**Dataset records**
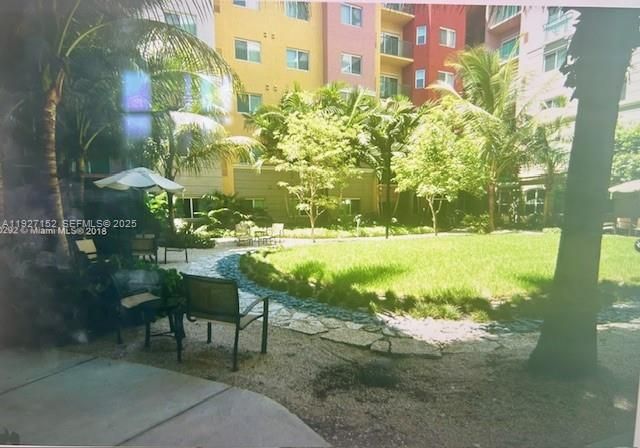 6001 SW 70th St 419, South Miami, FL 33143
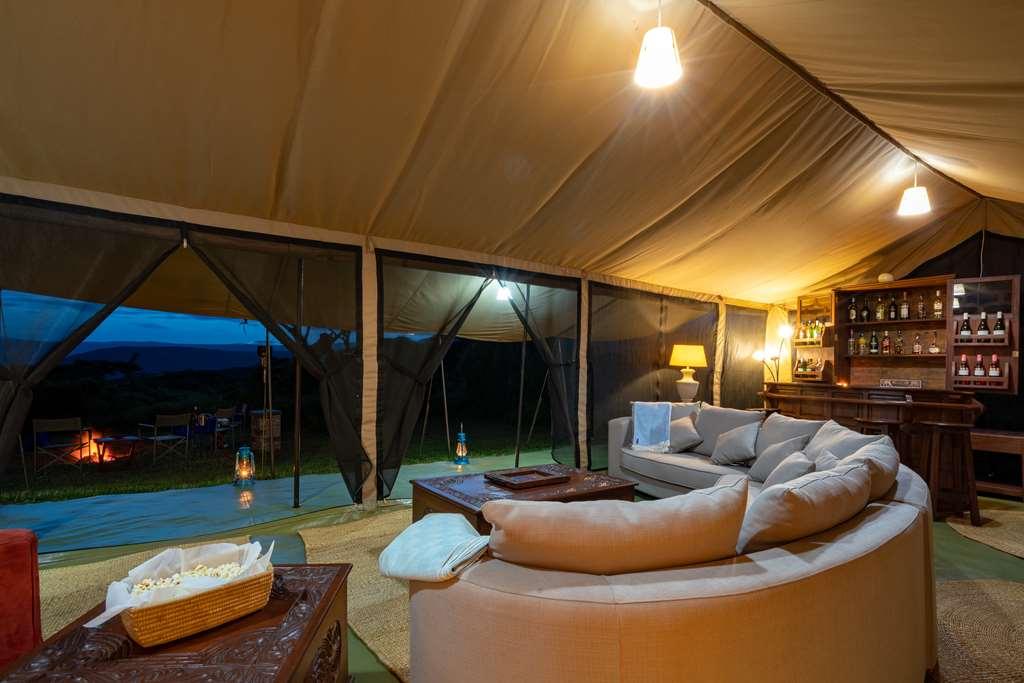 Karibu Camps And Lodges Lions Paw Ngorongoro Karatu Restaurace fotografie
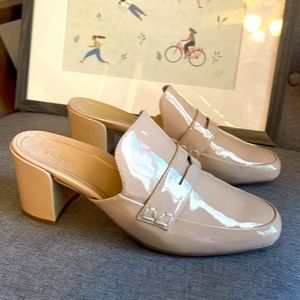 NWT Vionic platform mules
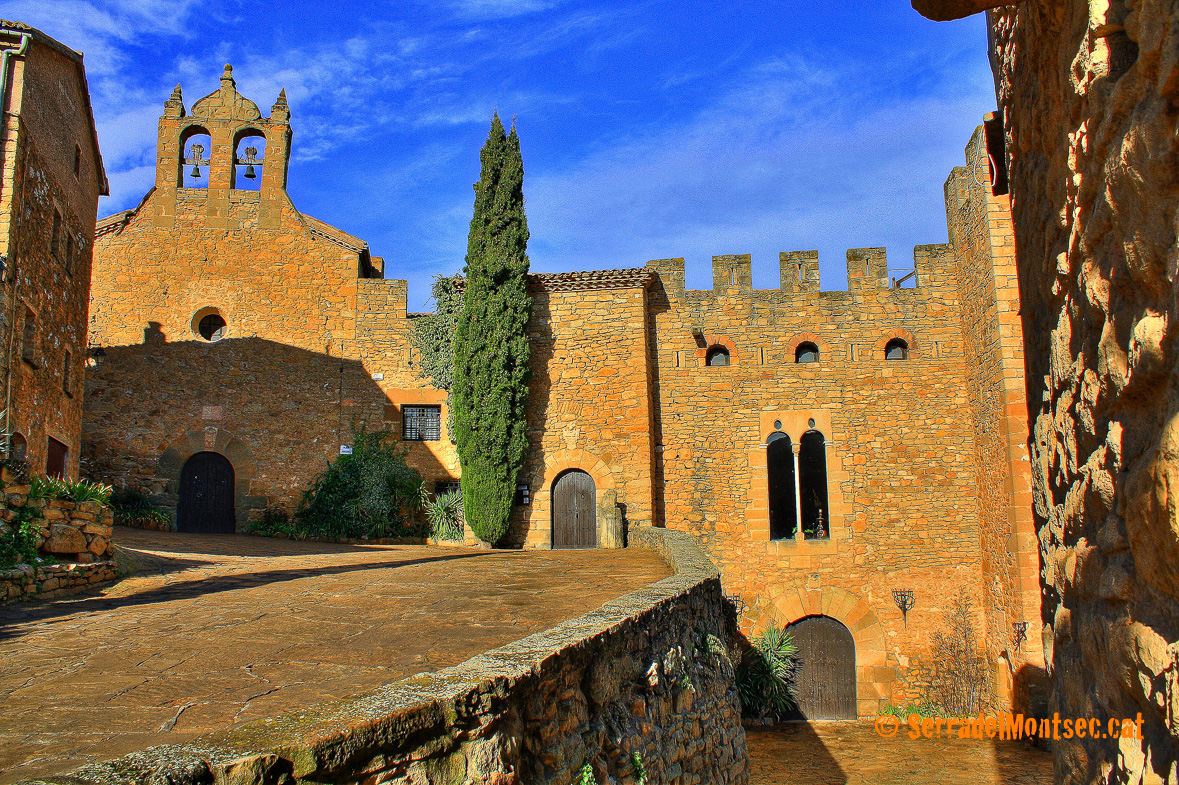 Castell de Montsonís i església de Santa Maria de Montsonís. Foradada, La Noguera. Lleida, Catalunya. Montsec de Rúbies (o de Meià).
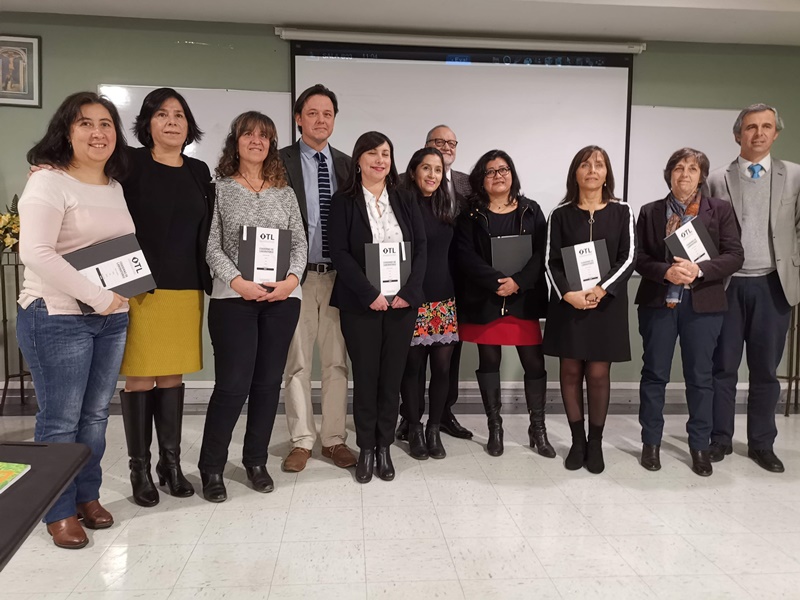 Oficina de Transferencia y Licenciamiento UST establece uso de cuadernos de laboratorio como buena práctica en gestión del conocimiento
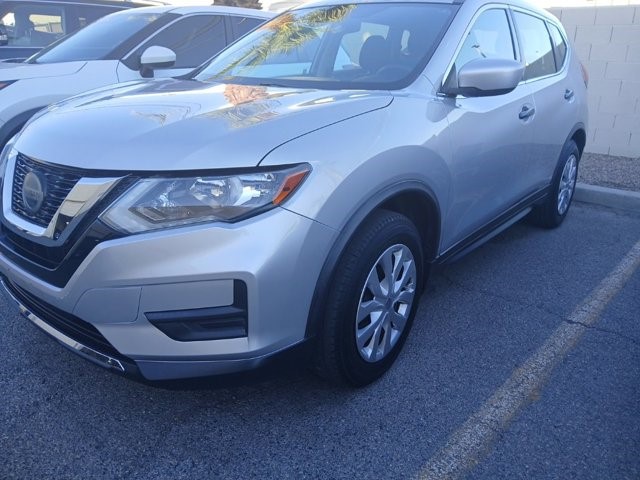 2020 Nissan Rogue S FWD S Regular Unleaded I-4 2.5 L/152 [0]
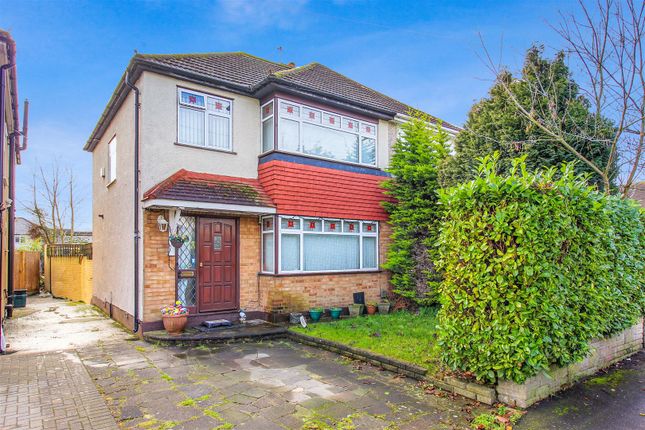 Houses for Sale in Cheshunt - Buy Houses in Cheshunt - Zoopla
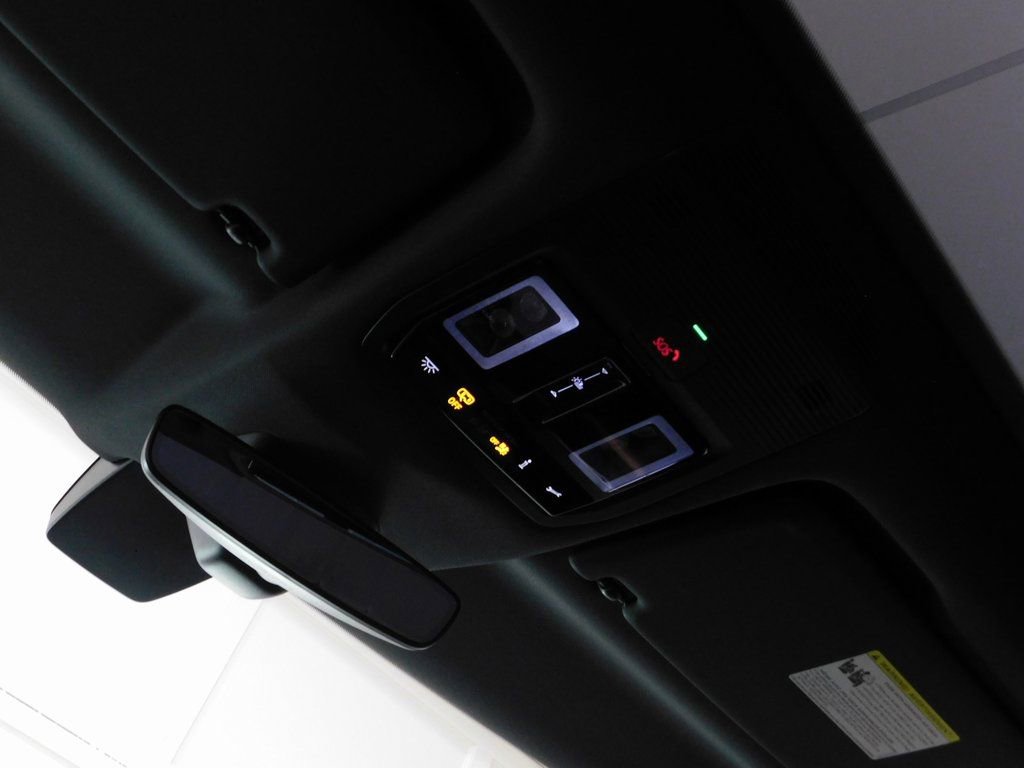 Used 2025 Volkswagen ID. Buzz 1st Edition image 70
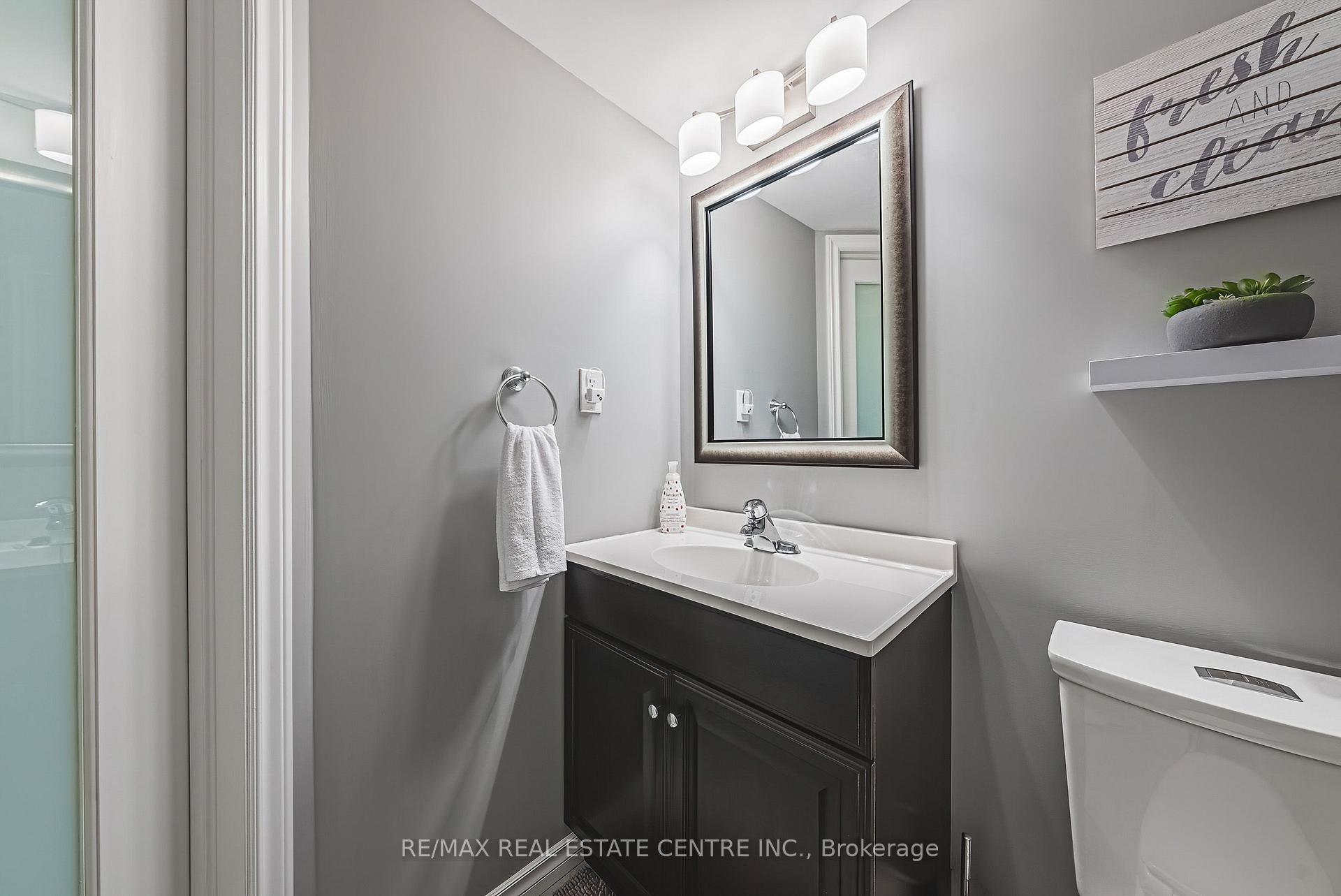 Photo 40 of 142 Bradley Avenue, Hamilton, Binbrook — HOMEH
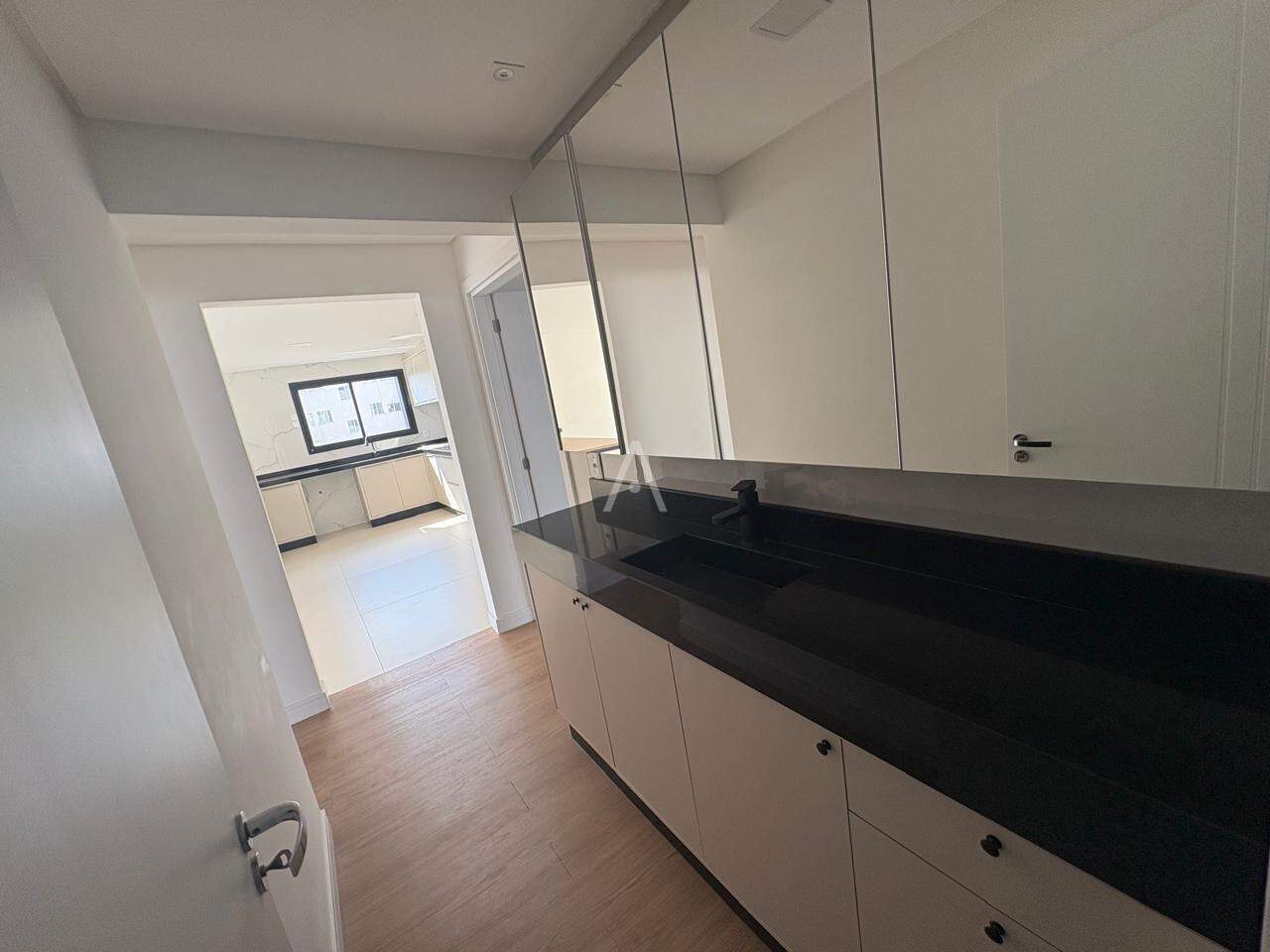 Apartamento para para aluguel no Bairro CENTRO em CASCAVEL: Bwc social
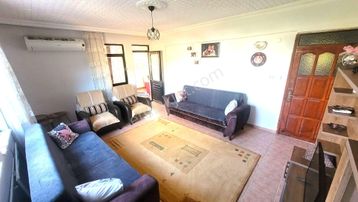 Goldhouse Dan Satılık 320 M2 Arsa İçinde 600 M2 Kullanım Alanlı Bina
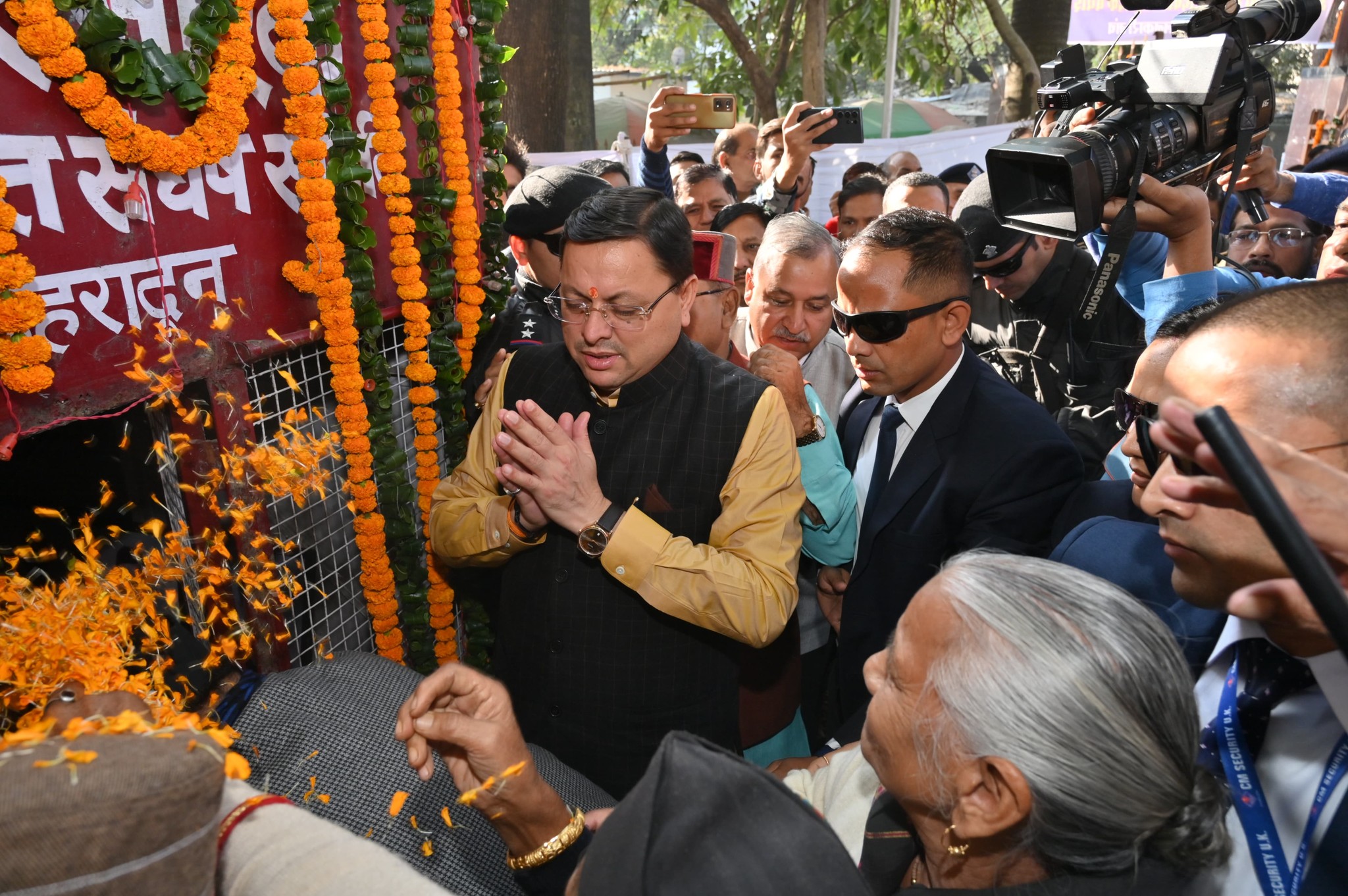 मुख्यमंत्री पुष्कर सिंह धामी ने उत्तराखण्ड राज्य आन्दोलनकारी शहीदों को श्रद्धांजलि अर्पित की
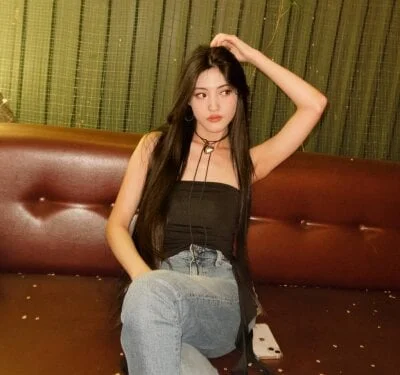 FancyEsten Stripchat Model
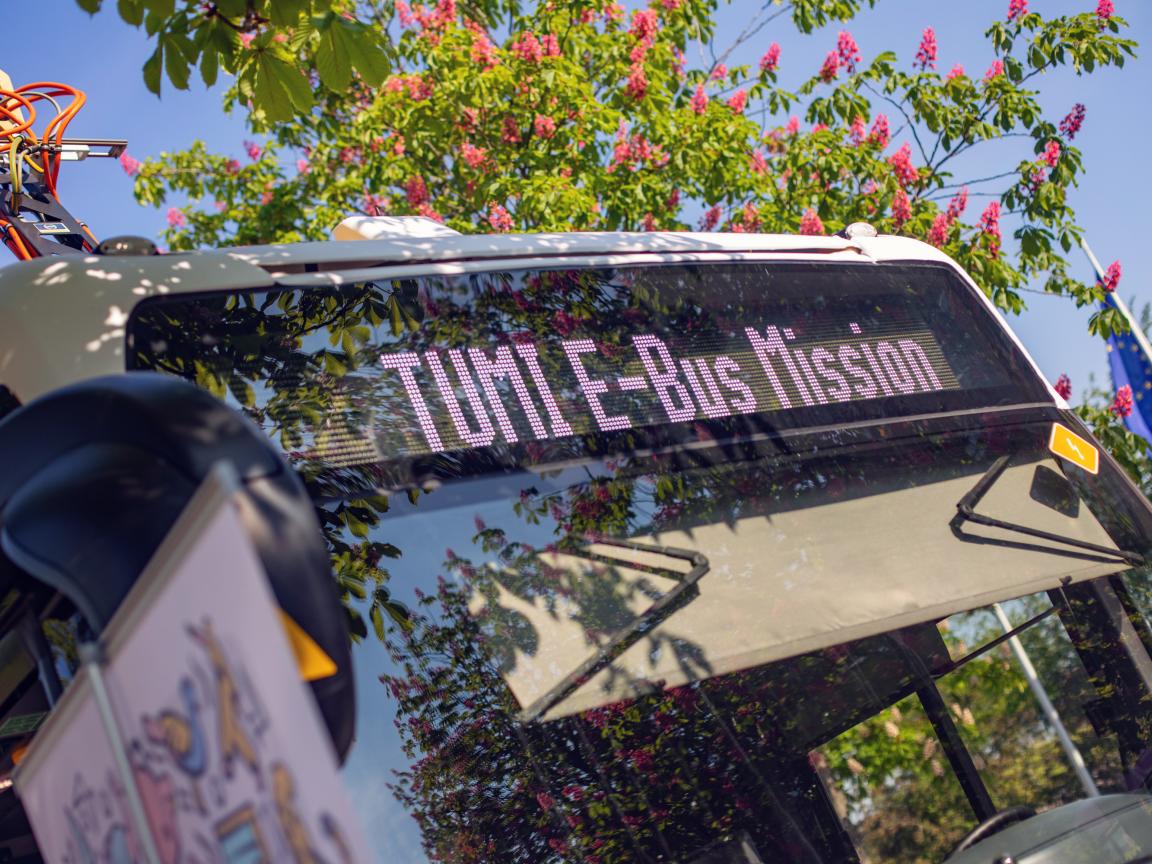 Ein Bus mit Elektroantrieb aus der Froschperspektive.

**Your goal**
Look above for the line containing "Houses for Sale", then write out every line from there down to the line containing "Apartamento para para", that line included, with no pictures.

**Task output**
 Houses for Sale in Cheshunt - Buy Houses in Cheshunt - Zoopla
 Used 2025 Volkswagen ID. Buzz 1st Edition image 70
 Photo 40 of 142 Bradley Avenue, Hamilton, Binbrook — HOMEH
 Apartamento para para aluguel no Bairro CENTRO em CASCAVEL: Bwc social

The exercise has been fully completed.